Background Identifying diagnostic and prognostic biomarkers in multiple sclerosis (MS) remains challenging. Cerebrospinal fluid (CSF) is a potentially valuable source.

Aim Test association between CSF cell counts and (i) neuroinflammatory diagnosis, (ii) early MS disease activity.

Methods CD4+/CD8+ T-cells were counted using flow cytometry in CSF collected from 162 patients. Clinical data were collected for 12–52 months. Cell counts were tested for association with: 1) diagnostic group: MS (n=63), clinically isolated syndrome (CIS, n=11), other inflammatory disorders (n=8) and non-inflammatory disorders (NID, n=75)); 2) time to next relapse/treatment commencement; 3) MS initial course. Area under receiver operator characteristic curve (AUC) was calculated for diagnostic utility.

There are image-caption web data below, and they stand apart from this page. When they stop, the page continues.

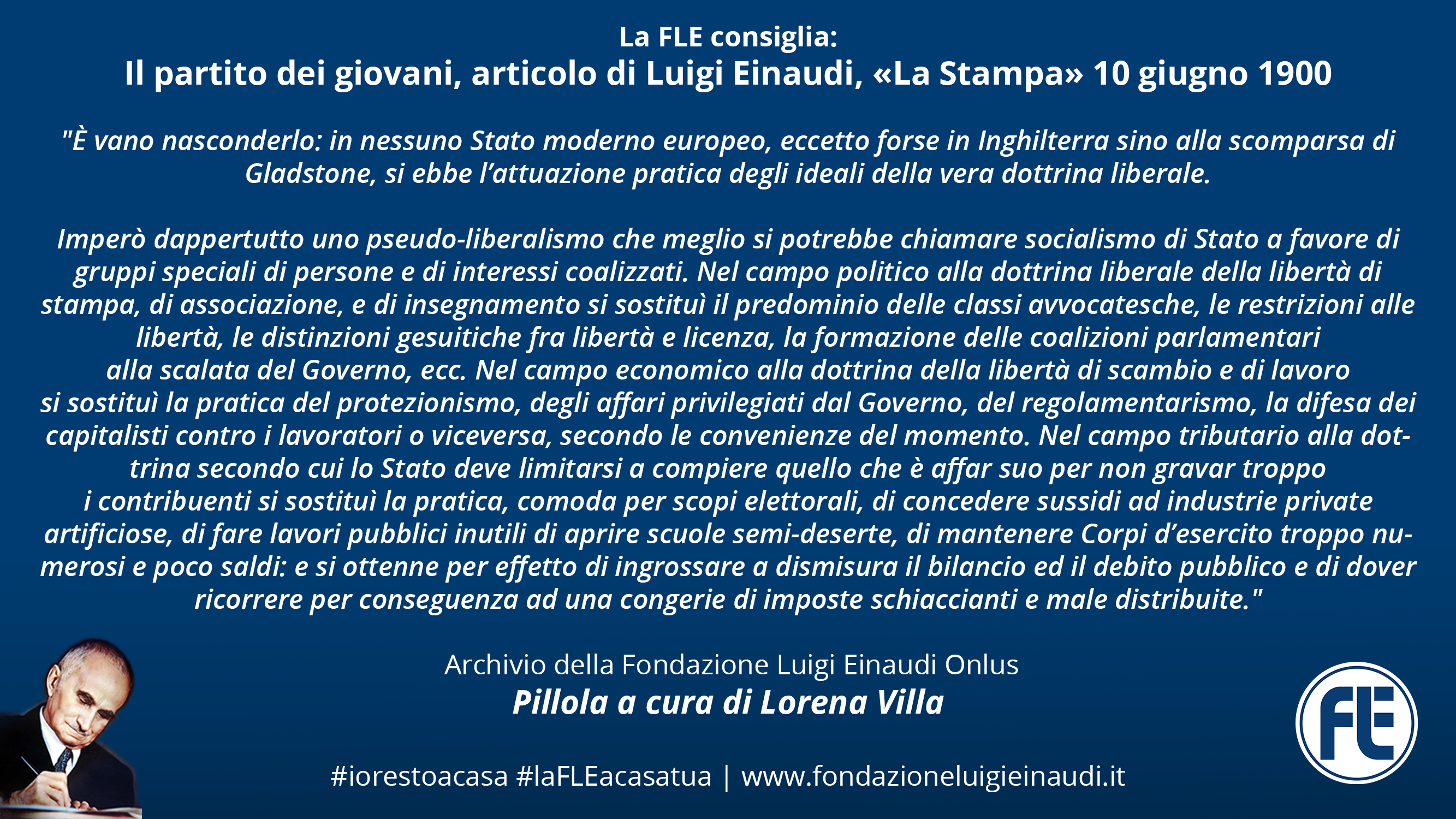 #laFLEacasatua – Pillola #5, Il partito dei giovani, articolo di Luigi Einaudi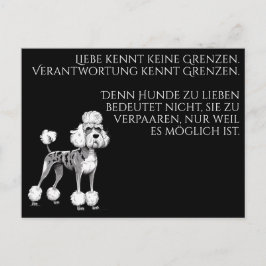 Weiser moderner Deutsche Dogge Postkarte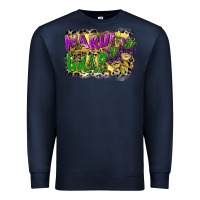 Navy mardi gras Premium Sweatshirt - CowGirlArtShop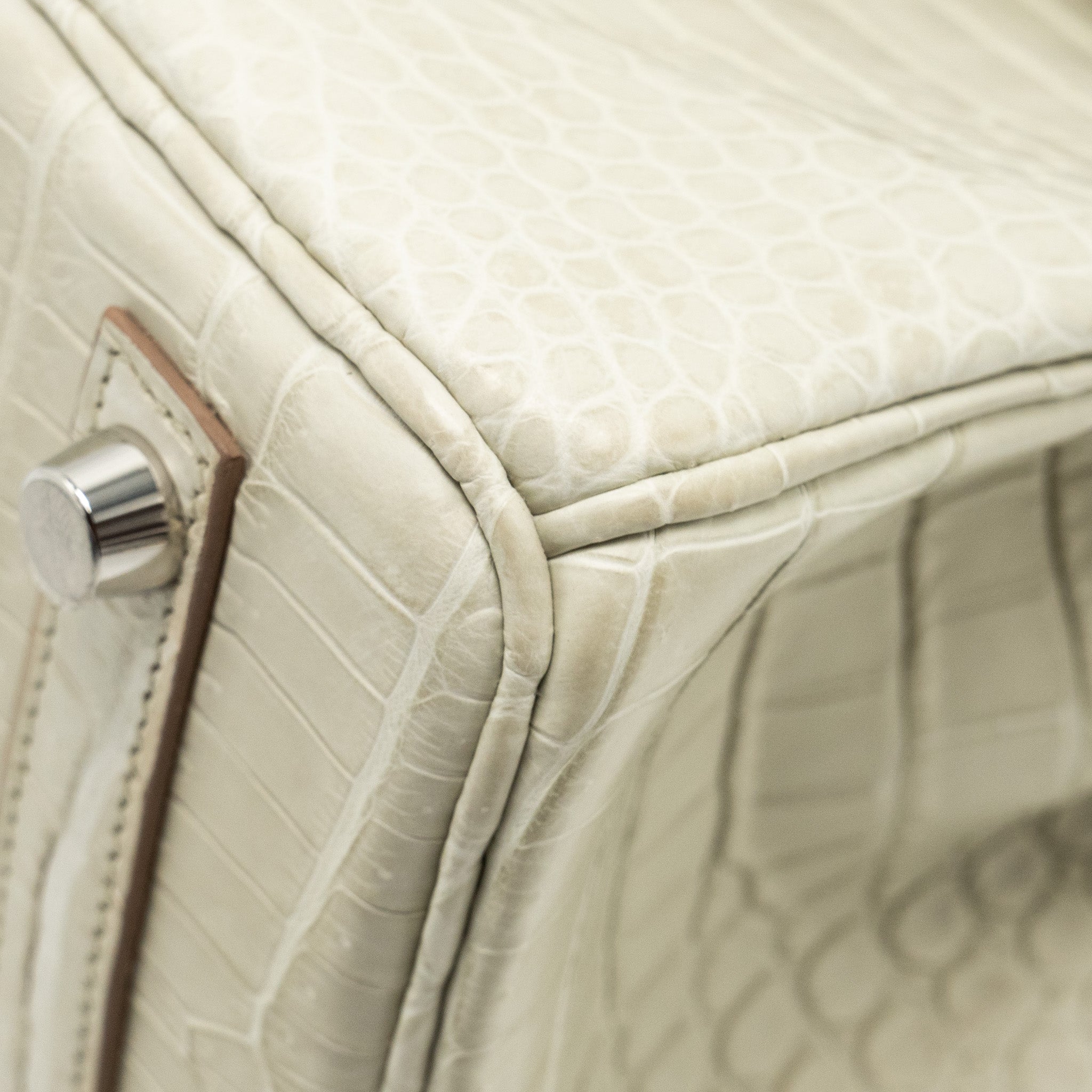 HERMES BIRKIN 25 CROCODILE POROSUS BETON SHW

Results CSF CD4+ and CD8+ counts were higher in MS vs CIS (e.g. CD4+: p=0.0063, AUC=0.76) and NID (e.g. CD4+: p=1.4×10–6, AUC=0.74). NHS laboratory CSF white cell counts (WCC) were also higher in MS vs CIS (p=0.049, AUC=0.68) and NID (p=8.9×10–10, AUC=0.73). In logistic regression models of MS vs CIS in OCB negative patients, NHS WCC explained the greatest proportion of the variance (16.5%, p=0.03, AUC=0.70), but the optimal model also included CD4+ and CD8+ counts. Cell counts did not predict initial course or clinical outcomes.

Conclusions CSF cell counts could aid diagnosis of MS. CSF cell counts alone did not predict early MS disease activity in this size cohort, but prognostic utility in combination with other biomarkers should be tested in a larger cohort.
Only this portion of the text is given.